The idea behind carbon trading is quite similar to the trading of securities or commodities in a marketplace. Carbon is given an economic value, allowing people, companies, or nations to trade it. If a nation buys carbon, it is buying the right to burn it, and a nation selling carbon gives up its rights to burn it. The value of the carbon is based on the ability of the country to store it or to prevent it from being released into the atmosphere. (The better you are at storing it, the more you can charge for it.)
The Kyoto Protocol is an international agreement that aimed to reduce carbon dioxide (CO2) emissions and the presence of greenhouse gases (GHG) in the atmosphere.
Carbon Trading Basics
The carbon trading market facilitates the buying and selling of the rights to emit greenhouse gases. The industrialized nations, for which reducing emissions is a daunting task, buy the emission rights from another nation whose industries do not produce as much of these gases. The market for carbon is possible because the goal of the Kyoto Protocol was to reduce emissions as a collective.

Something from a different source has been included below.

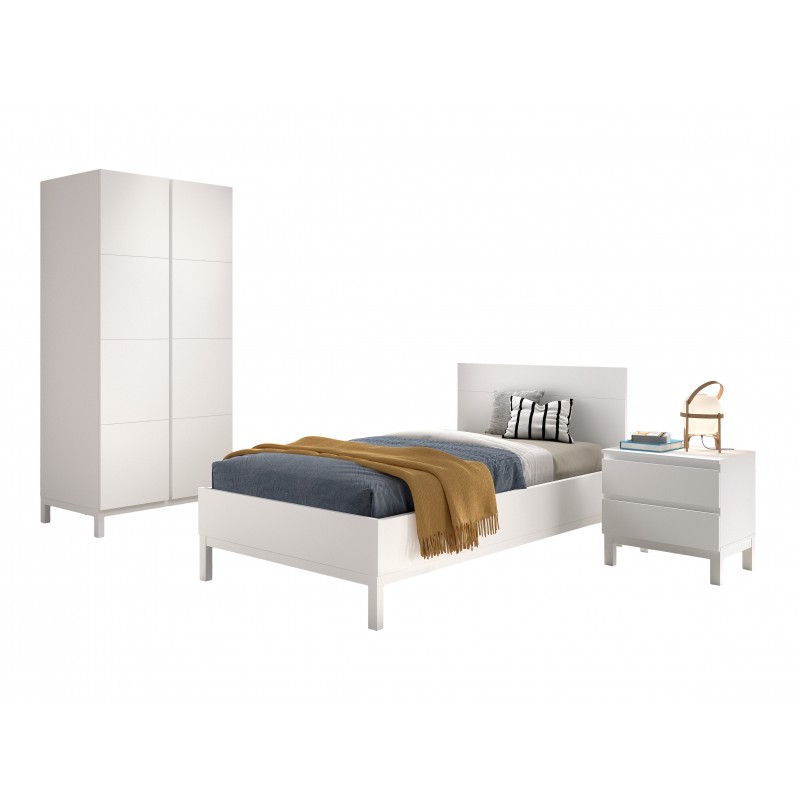 Børneværelse sæt – Eva 90 x 200 cm, hvid seng, natbord og garderobeskab billede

On the one hand, carbon trading seems like a win-win situation: greenhouse gas emissions may be reduced while some countries reap economic benefits. On the other hand, critics of the idea feel some countries exploit the trading system and the consequences are negative. While carbon trading may have its merits, the debate over this type of market is inevitable, since it involves finding a compromise between profit, equality, and ecological concerns.
Global Carbon Trade Framework Agreed at COP26 Climate Change Summit
After successful negotiations at the 2021 Glasgow COP26 Climate Summit, global carbon trading now has a more structured framework for countries to follow. The agreed-upon rules set clear guidelines of how the carbon market will work for bilateral deals between countries and in a United Nations-supervised marketplace.
In a nutshell, the basics of the agreement revolve around carbon credit offsets. For example, nations that reduce their emissions more than they had pledged receive credits that can then be sold to countries where it's costly to cut greenhouse gasses. The agreement aims to incentivize nations to make greater investments in climate mitigation initiatives and technologies, such as producing more renewable energy, to generate credits that they can trade.
A carbon credit is a permit that allows the company that holds it to emit a certain amount of carbon dioxide or other greenhouse gases. One carbon credit permits the emission of a mass equal to one ton of carbon dioxide.
Carbon credit trading has surged in recent years as climate change continues to make headlines. The value of global carbon markets grew by 20% in 2020, marking its fourth year of consecutive growth, according to a McKinsey report. Some estimates place the value of a unified global carbon market at $100 billion. Corporations are also making more references to carbon as investors place increased importance on environmental management. UBS analysis of earnings call transcripts reveals that mentions of "carbon" and associated terms over the past three years have tripled to about 1,600 per quarter.